I've noticed definite improvements in my vision. Nothing huge, just baby steps, but noticeable. I've been wearing a reduced prescription of glasses to work and there's some nameplates, signs and calendars that I use as references and I can read them better than I used to. Yesterday, while I was in a waiting room, I was looking at this sign that I couldn't really read and it suddenly came into focus and I could read it. The biggest improvement has been in some of the other qualities. My whole world is more three-dimensional than it used to be. Colors are brighter and more vivid and I see in sharper contrast. Exciting indeed!

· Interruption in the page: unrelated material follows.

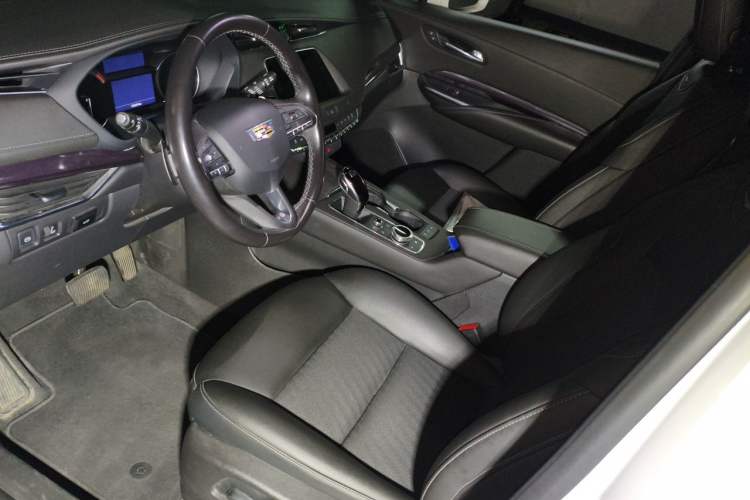 Used Cadillac XT4 2021 28T Two-Wheel Drive Tech Edition Left Front Seat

It has also been rather painful. When I was working with the eye chart, I could feel tension build up in my jaw, ears, sinuses, throat, etc. Then I start to feel anxiety and fear in my stomach. The clearer the chart gets, the worse I feel until I finally break down and cry like a baby. My throat was so tight I thought I would pull a muscle, it was really intense. This happened three times in less than a week. Even when I walk around at work noticing how 3-D things are, I feel tension building in my face and I start to feel nervous.

I heard that you can have a strong emotional response as you progress but I wasn't prepared for anything like this. As hard as it is though it has always been followed by an improvement in my vision. The desire to rid myself of glasses is so strong that I will probably continue pursuing this but I think it's going to be a difficult time.